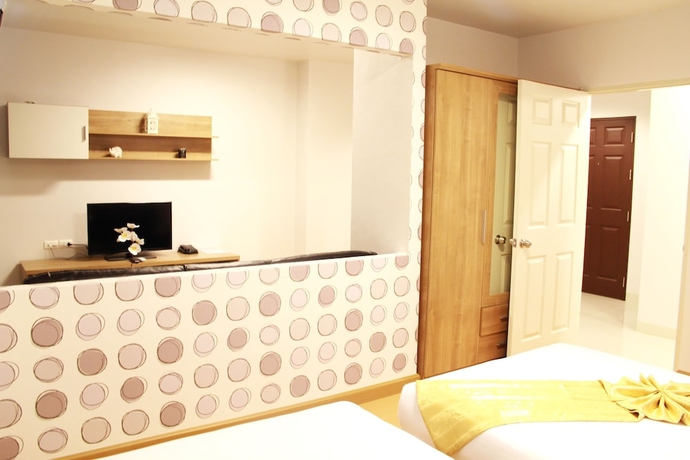 Imagen de la habitación del Hotel 101 Holiday Suite. Foto 11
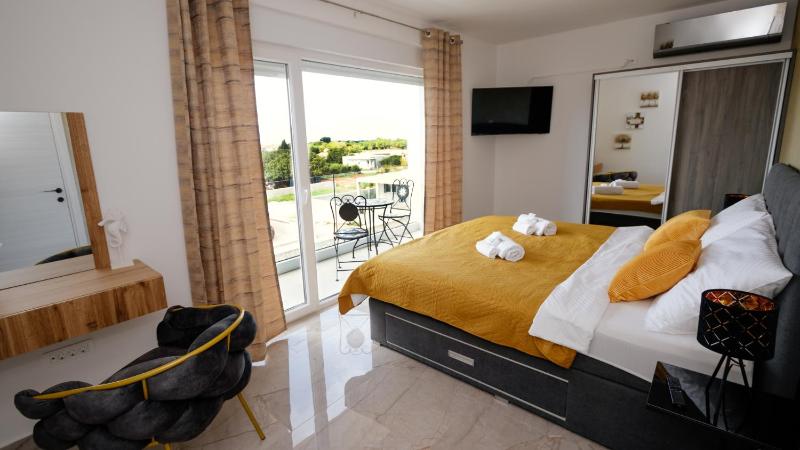 Beautiful Villa Paula with jacuzzi in Pula - image 27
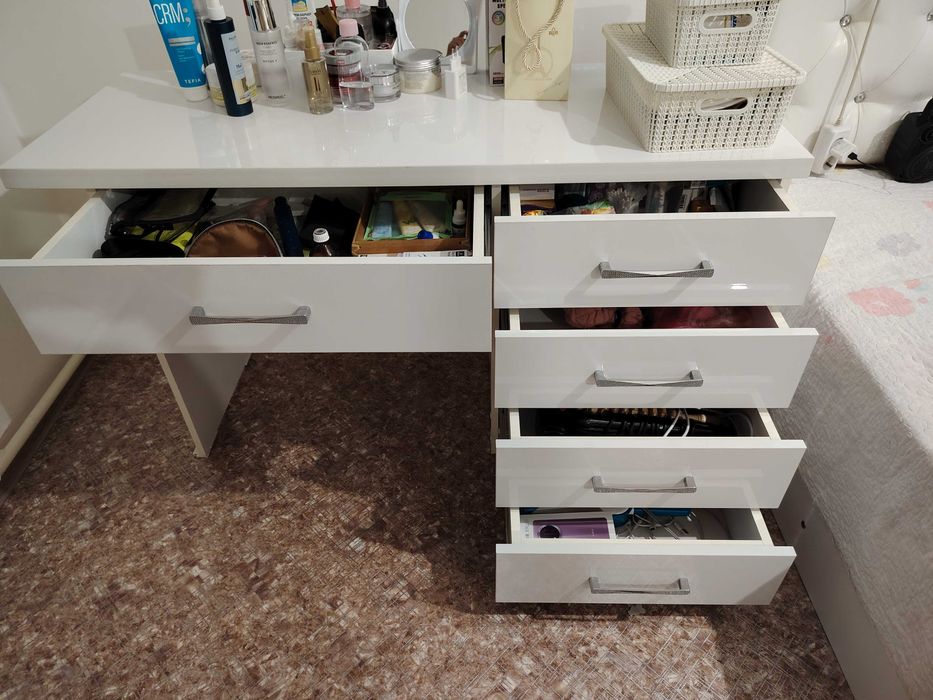 Продам столик туалетный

# Instructions to follow
Transcribe the material above in full. No picture is to be copied.

# Solution below
 Imagen de la habitación del Hotel 101 Holiday Suite. Foto 11
 Beautiful Villa Paula with jacuzzi in Pula - image 27
 Продам столик туалетный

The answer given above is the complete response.